20091023

poema de quem nunca viu o pôr-do-sol

abro a janela

e uma laranja desenhada no horizonte
avançando docemente
para o precipício infinito to tempo

se me rasgares o corpo
todo eu sou flores
e frágil avanço
nos finos cabelos de um velho

e todo o sangue
que um dia me construiu
sopra agora triste
nos pulmões trémulos de uma onda

abro as mãos delicadamente
e gesticulo o mundo
dois barcos junto da laranja magnética do horizonte
avançando docentemente
para o definitivo calor do Outono

coração imagina
todas as ondas
a respirarem para ti
numa taquicardia de espanto
raiva
e
dor

aos solavancos
descendo dos olhos dos olhos
as cidades ardem
no fundo do mar

se me rasgares a alma
o teu medo de sangue
come-te viva

coração imagina
fotografias onde somos nós
todas as cidades e todas as pessoas
a desaparecer num fiozinho amarelo
depois escuro
depois cinza
depois escuro
depois cinza

abro as mãos suavemente
e lanço o fumo à geada cortante
da madrugada

vai coração corre
pronto na ponta de todas as seringas
cortar esse limão laranja
em gumes tão grossos quanto um fio de água
tão lentos como uma navalha nos ossos
tão ardentes como o amor nas veias.

seduzindo as pontas negras
do fim da madrugada
abandonar-me-ei junto a qualquer rio
e talvez seque,

outra vez seque
esperando,

esperando.

20091008

enternece-me a chuva e as pessoas à chuva, enternece-me que estejam de baixo da minha felicidade.
enternece-me que seja isto o mais pequeno sentimento que por alguém consigo sentir. e por isso
é simples, para mim, esboçar toscamente uma escada em direcção ás nuvens, subir lentamente, ficar
enorme, e enternecer-me um pouco mais na distancia de uma lágrima.

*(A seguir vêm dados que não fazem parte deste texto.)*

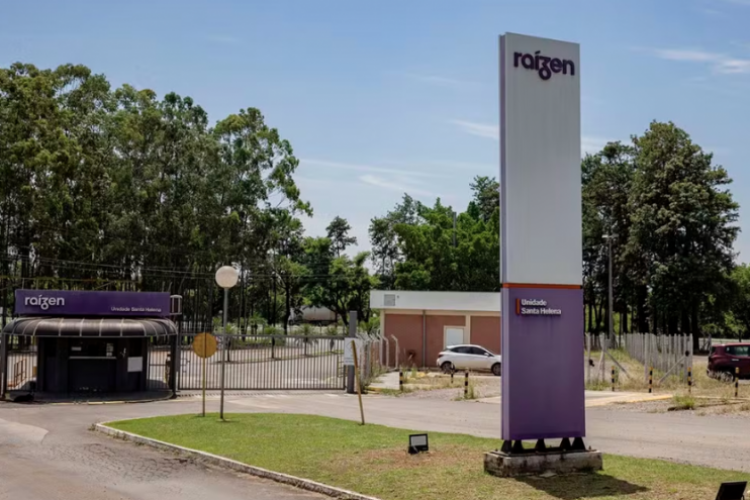 <p>Raizen estaría buscando convertir el 45% de su deuda en acciones</p>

porque a minha cama está desfeita e quente e só chove longe de mim, e é longe de mim que eu sinto a saudade,
embora ela me apareça caída, quase todas as noites, no torto sofá que repousa agitado no momento em que fecho os
olhos e não adormeço, adormeço, me lembro de vocês, adormeço, acordo, e vos adoro. todos os dias. todos os dias.

como se a chuva fosse o compasso, e a minha dança me afastasse, cada vez mais, de mim próprio e a saudade me tornasse,
cada vez mais enternecido, numa pequena nuvem branca.


meus amigos,
a vocês
como nunca amarei ninguém mais na vida.